Верка сразу плюхнулась на раскладушку, бросила рядом рюкзак.
– Ты на кровати будешь спать, – я ей говорю. – Это твой шкаф, там плечики, все такое. Если не хватит, я тебе еще дам.
– Да у меня шмоток мало, – говорит Верка и зевает. Руки под голову засунула, развалилась, как у себя дома. Простота нравов. А еще в петербургской женской гимназии воспитывалась – правда, ее оттуда выгнали.
– Стол вот этот твой будет, у окна. И тумбочка. Я фен тебе положила. Полотенца, белье тоже.
– Понятно.
– А где твой чемодан? – спрашиваю. Стою, главное, посреди ковра, как пальма в горшке, куда девать руки? Как будто это не моя комната, а ее. Как будто это я к ней в гости без спроса заглянула.
– Я без чемодана. Папа сказал, он мне здесь все купит, что нужно. В провинции все намного дешевле.
– Ясно.
Помолчали. О чем с ней говорить? Мы сто пятьдесят лет не виделись, чужие друг другу люди.
– Ты все-таки на кровать переляг, ты же гость.
Просто я знаю, что у Верки скалиоз. Ей на мягком нельзя спать, мне мама говорила.
– Да мне тут нормально. – Верка отвечает. Достала айфон, эсэмэску кому-то пишет.
Я пожимаю плечами. Мне же лучше. Ей же хуже. Сажусь за стол и беру из вазочки остро заточенный карандаш. Начинаю колоть себя в пальцы, поочередно, во все подушечки – мне это нравится. Успокаивает.
– Как там Питер?
– Не Питер, а Петербург, – морщится Верка. – Нормально.
– Как бабушка?
Просто я ее бабушку немного знаю, Викторию Петровну. Мы жили в ее квартире на Литейном несколько дней, во втором классе.

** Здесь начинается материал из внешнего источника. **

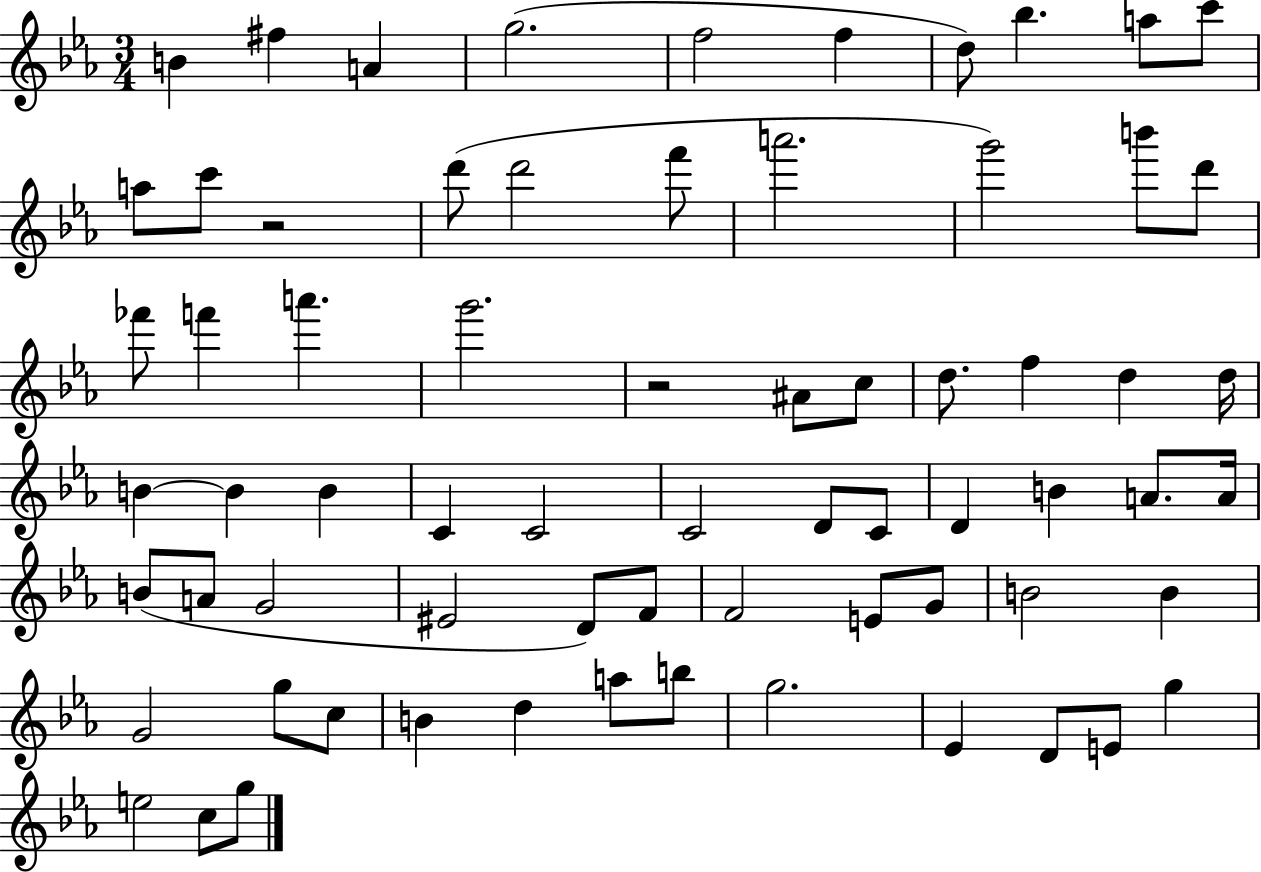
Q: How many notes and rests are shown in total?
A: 69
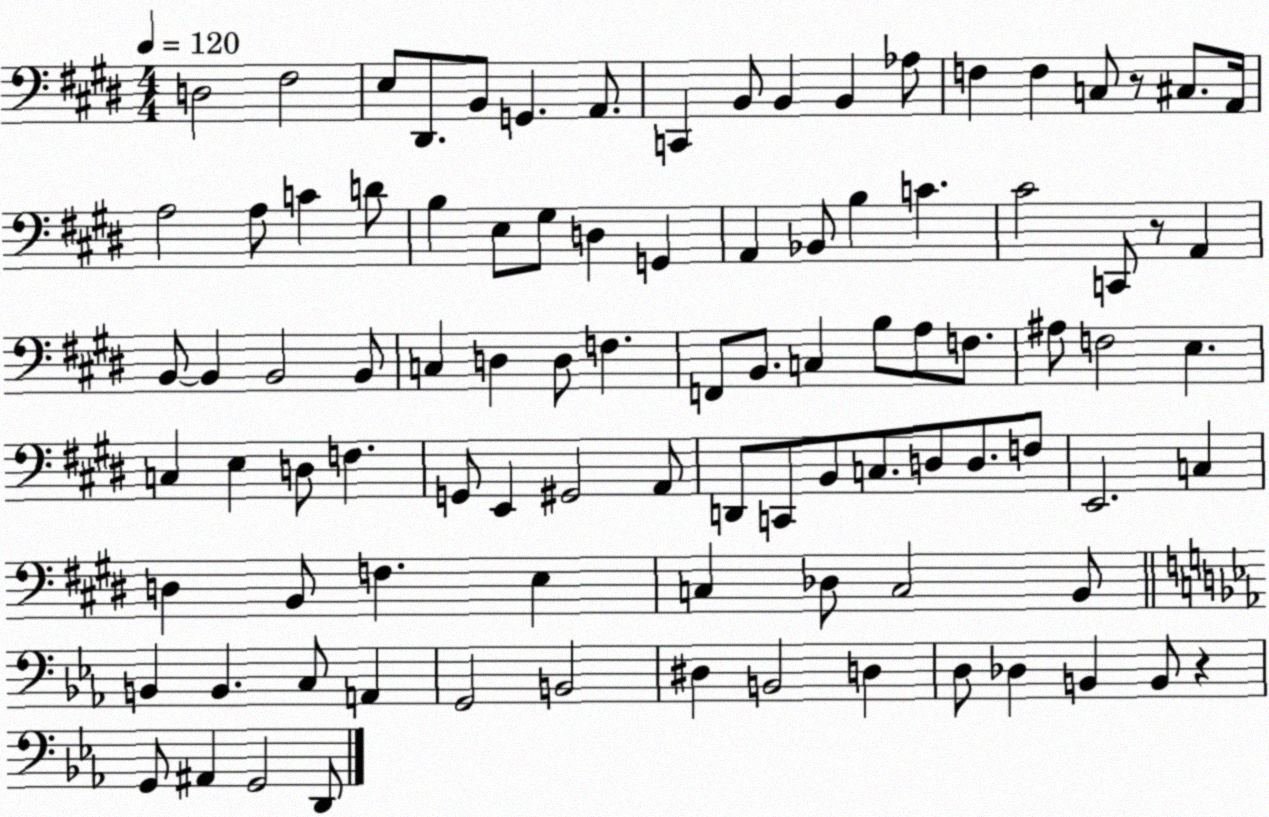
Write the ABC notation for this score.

X:1
T:Untitled
M:4/4
L:1/4
K:E
D,2 ^F,2 E,/2 ^D,,/2 B,,/2 G,, A,,/2 C,, B,,/2 B,, B,, _A,/2 F, F, C,/2 z/2 ^C,/2 A,,/4 A,2 A,/2 C D/2 B, E,/2 ^G,/2 D, G,, A,, _B,,/2 B, C ^C2 C,,/2 z/2 A,, B,,/2 B,, B,,2 B,,/2 C, D, D,/2 F, F,,/2 B,,/2 C, B,/2 A,/2 F,/2 ^A,/2 F,2 E, C, E, D,/2 F, G,,/2 E,, ^G,,2 A,,/2 D,,/2 C,,/2 B,,/2 C,/2 D,/2 D,/2 F,/2 E,,2 C, D, B,,/2 F, E, C, _D,/2 C,2 B,,/2 B,, B,, C,/2 A,, G,,2 B,,2 ^D, B,,2 D, D,/2 _D, B,, B,,/2 z G,,/2 ^A,, G,,2 D,,/2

– Бабушка нормалек. Чего ей сделается?
– Слушай, мне очень жаль… Ну что тетя Света умерла…
– Заткнись.
– Что?
– Что слышала.
– Прости, я не.
– Ну можешь ты хоть минуту помолчать? – Верка приподымается на раскладушке и злобно на меня глядит.
– Извини. Я не хотела тебя расстроить.
– Да закроешь ты свой рот или нет?!
– Вера! Ты.
– Завали пасть, дура!
Я в ужасе. Она сейчас на меня накинется, как в тот раз.
Мне становится так страшно, что я вскакиваю из-за стола, выбегаю из комнаты, хлопаю дверью и замираю посреди коридора.
Дальше-то мне куда бежать?
Сильно старше
Мы с Веркой сидим во дворе на перилах под старыми тополями. Мама с тетей Светой готовятся к празднику. У Евгения Олеговича круглая дата – сорок лет. Нас выпроводили погулять, чтобы мы под ногами не мешались. Праздновать решили у нас, конечно, – это из-за мебели. У нас есть стулья, диваны, кресла и раздвижной стол. Рассядется почти весь оркестр – та его часть, с которой Евгений Олегович не враждует.
– Твоя мама раньше моей умрет, – ни с того ни с сего заявляет Верка.
– Что?
В этом вся Верка, понимаете? Вот кто еще такие вещи может вслух сказать? Или даже думать об этом. Я больше никого не знаю, кто так может.
– Тетя Люда моей мамы сильно старше.
– Ну и что из этого? – говорю. – Это еще ничего не значит.
– Конечно же значит. – Верка смотрит мне в глаза и улыбается.
Я отвожу взгляд. Зачем она мне это говорит?
– Люди в старости в основном умирают. Поняла? А моя мама молодая.
– Моя тоже! – кричу. Я вскакиваю с перил. – Дура, она не умрет!
– Все умирают. Успокойся и сядь.
Я подчиняюсь. Снова усаживаюсь рядом. Некоторое время мы молчим.
Я замечаю, что Верке на голову падает тополиная почка. Прилипает к волосам. Я протягиваю руку, чтобы ее убрать, Верка вдруг размахивается и бьет меня по лицу. Со всей силы ладошкой.
Потом она убегает за гаражи, где курят взрослые мальчишки. А я поднимаюсь домой и с ревом рассказываю все маме.
Через час приходят гости, начинается праздник.